Quelque part en 2005. Après, une longue période d’abstinence, j’écoute par hasard "Enchantment" et me dis que finalement, j’ai peut-être muri. Du coup, je persévère. Et tout change ! Les « mièvreries » sont devenues de superbes arrangements. "Hallowed Land" me conforte dans l’idée que les fans talibans des débuts du groupe sont tous de gros abrutis et que, putain, un tel alliage de puissance et mélodie, on n’en écoute pas tous les jours. Je commence donc à maudire ma bêtise d’antan et louer mon changement de perspective. Et jusqu’à "Forever Failure" inclus, je me dis que la majorité a raison. Draconian Times est bien un joyau. "The Last Time" ne possède pas le refrain le plus captivant du monde, mais ça n’est pas grave. Un joyau, on a dit ! "Enchantment" est la meilleure entrée en matière du groupe. Le rythme chaloupé d’ "Hallowed Land" est un must et, sur "Forever Failure", la voix rauque de Nick filerait la chair de poule à un centriste. Tout est si fluide… Et puis arrive "Once Solemn". « Ah tiens, c’est marrant, pourquoi ils ont changé le nom de "Pity The Sadness" ? Parce que c’est la même. En moins bien… » Premiers doutes, que la suite ne fera que confirmer. Envolée la créativité magique, bienvenue dans le monde du Paradise Lost que je trouve un tantinet pénible. Enchaînements plus hasardeux, breaks déroutants (pas en bien), et la version de Nick qui m’agace plus que tout. Lorsqu’il se met à vouloir passer en force. Non, finalement, la majorité n’a pas raison. Alors bien sûr, certains passages d’"Elusive Curse" sont magnifiques, "Shades of God" se laisse bien écouter (encore heureux, avec un nom pareil !) et globalement, tous les titres ont de beaux moments. Las, le fil invisible avec lequel étaient cousus les premiers titres de l’œuvre ont été changés par de la surpiqûre orange, façon jeans de Raymond Barre (humour non valide pour les moins de quarante ans). Quel dommage… Les fans hardcore des premiers Paradise Lost ? Des gens bien.

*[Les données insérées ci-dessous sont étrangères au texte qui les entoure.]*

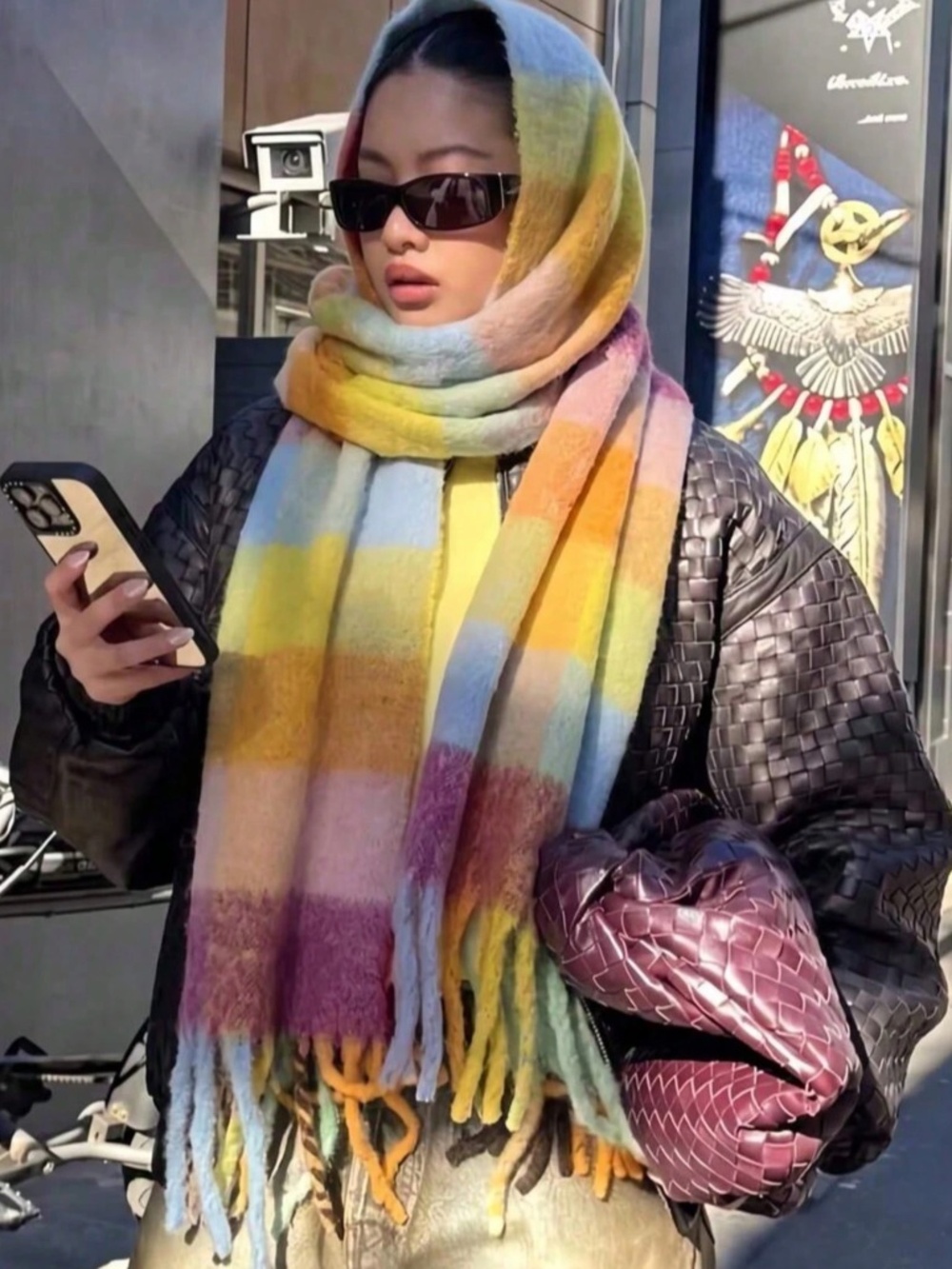 Cozy Colorful Plaid Tassel Blanket Scarf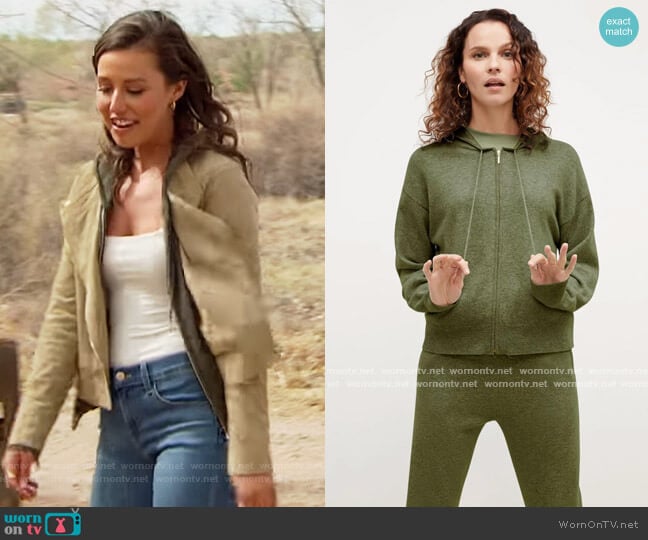 The Judith Hoodie—Cashmere by M.M. Lafleur worn by Katie Thurston on The Bachelorette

Avec Draconian Times, Paradise Lost a composé les plus belles 18m46s de sa carrière, le temps de quatre premiers titres qui font d’eux une légende du doom. Et puis blam. Le groupe avait dû épuiser ses réserves de fluidité. Les deux-tiers suivants proposent du metal acceptable mais forcé. C’est gênant. Et là où il y a de la gêne…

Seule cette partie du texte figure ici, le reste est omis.